By Yu-huay Sun
Dec. 12 (Bloomberg) -- Formosa Plastics Corp. is among Taiwanese makers of polyvinyl chloride that may raise prices for the plastic material by as much as 7 percent next month on expectations of higher demand from construction companies.
Suppliers are offering PVC to be delivered to China in January at $630 to $640 a metric ton, an increase of $30 to $40 from previous quotes, said David Liu, a spokesman for Taipei- based China General Plastics Corp., Taiwan’s second-biggest maker of the material.

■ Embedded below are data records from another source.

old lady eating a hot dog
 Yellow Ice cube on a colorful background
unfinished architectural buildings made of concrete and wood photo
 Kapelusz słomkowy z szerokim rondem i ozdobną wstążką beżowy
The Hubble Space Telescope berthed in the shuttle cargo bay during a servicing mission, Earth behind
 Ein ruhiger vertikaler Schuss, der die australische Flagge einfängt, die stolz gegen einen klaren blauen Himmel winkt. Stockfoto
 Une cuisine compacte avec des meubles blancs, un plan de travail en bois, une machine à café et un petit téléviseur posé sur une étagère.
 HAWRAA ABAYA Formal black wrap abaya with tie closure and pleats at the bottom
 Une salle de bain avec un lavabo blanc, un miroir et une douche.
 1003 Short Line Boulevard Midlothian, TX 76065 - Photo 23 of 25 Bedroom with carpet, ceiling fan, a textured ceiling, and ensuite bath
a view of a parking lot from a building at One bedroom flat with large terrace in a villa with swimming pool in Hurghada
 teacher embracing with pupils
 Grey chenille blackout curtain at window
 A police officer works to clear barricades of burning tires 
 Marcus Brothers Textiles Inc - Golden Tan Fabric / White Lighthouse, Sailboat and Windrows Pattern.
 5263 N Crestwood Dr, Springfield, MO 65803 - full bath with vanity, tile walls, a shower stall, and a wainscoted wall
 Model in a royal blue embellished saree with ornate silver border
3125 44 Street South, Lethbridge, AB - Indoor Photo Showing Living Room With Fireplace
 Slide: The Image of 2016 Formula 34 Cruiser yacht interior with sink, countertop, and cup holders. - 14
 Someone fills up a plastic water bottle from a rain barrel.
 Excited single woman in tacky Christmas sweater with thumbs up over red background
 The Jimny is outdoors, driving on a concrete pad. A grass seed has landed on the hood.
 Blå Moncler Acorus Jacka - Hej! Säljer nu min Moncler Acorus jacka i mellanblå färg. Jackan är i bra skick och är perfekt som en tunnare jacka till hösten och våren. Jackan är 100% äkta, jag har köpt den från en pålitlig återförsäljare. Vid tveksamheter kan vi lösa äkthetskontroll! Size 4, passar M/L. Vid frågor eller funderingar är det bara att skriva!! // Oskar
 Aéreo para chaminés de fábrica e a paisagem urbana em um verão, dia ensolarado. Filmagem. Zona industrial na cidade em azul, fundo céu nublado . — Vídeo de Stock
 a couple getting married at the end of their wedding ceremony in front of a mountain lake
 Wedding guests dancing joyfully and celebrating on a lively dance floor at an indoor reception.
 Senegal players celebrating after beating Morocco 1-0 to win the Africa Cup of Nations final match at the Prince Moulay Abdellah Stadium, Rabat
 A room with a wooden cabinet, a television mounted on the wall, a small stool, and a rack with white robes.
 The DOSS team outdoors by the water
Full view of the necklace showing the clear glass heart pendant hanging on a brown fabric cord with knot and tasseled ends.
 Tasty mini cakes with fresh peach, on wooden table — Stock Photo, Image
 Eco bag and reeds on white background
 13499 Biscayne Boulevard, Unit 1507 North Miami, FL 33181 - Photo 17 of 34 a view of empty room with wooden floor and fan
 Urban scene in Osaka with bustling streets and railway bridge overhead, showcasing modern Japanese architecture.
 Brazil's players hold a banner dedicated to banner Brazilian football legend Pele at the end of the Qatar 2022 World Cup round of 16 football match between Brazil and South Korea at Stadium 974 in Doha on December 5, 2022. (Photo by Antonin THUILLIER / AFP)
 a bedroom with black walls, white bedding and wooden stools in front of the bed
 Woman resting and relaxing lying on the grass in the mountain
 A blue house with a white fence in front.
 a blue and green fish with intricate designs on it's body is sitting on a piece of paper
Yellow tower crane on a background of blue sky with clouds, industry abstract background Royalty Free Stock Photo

Asian PVC prices have fallen more than 50 percent since July as a global recession cut demand from toymakers and construction companies. About 60 percent of PVC goes into items such as pipes, flooring and window frames. Taiwan and China have announced economic stimulus packages that include public works, potentially reviving building projects.
“Prices are set to rebound after falling deeply,” said Jerry Lin, a Formosa Plastics spokesman. The company “will probably” raise domestic prices in January, he said.
Demand for PVC has improved “slightly,” Lin said in a telephone interview in Taipei yesterday. Taiwan’s biggest maker of the oil-derived plastic has reduced prices for four consecutive months for domestic customers.
Taiwan’s construction industry increased production by 4.85 percent from a year earlier in October, the first gain in six months, an economic ministry report showed Nov. 24.
Water Pipes
“We expect demand to increase,” China General Plastics’s Liu said by telephone yesterday. “The government stimulus packages include public works, which will mean demand to make casings for electricity cables and water pipes” that require PVC, he said.
China, Taiwan’s biggest export market, announced a 4 trillion yuan ($584 billion) stimulus package in November and loosened monetary policy after the economy grew at the slowest pace in five years in the third quarter.
Taiwan’s Cabinet approved two bills last month allowing NT$483 billion ($14.4 billion) of spending to stimulate growth after the economy shrank in the third quarter.
The plans cover NT$400 billion of spending on infrastructure and an NT$82.9 billion giveaway of shopping vouchers.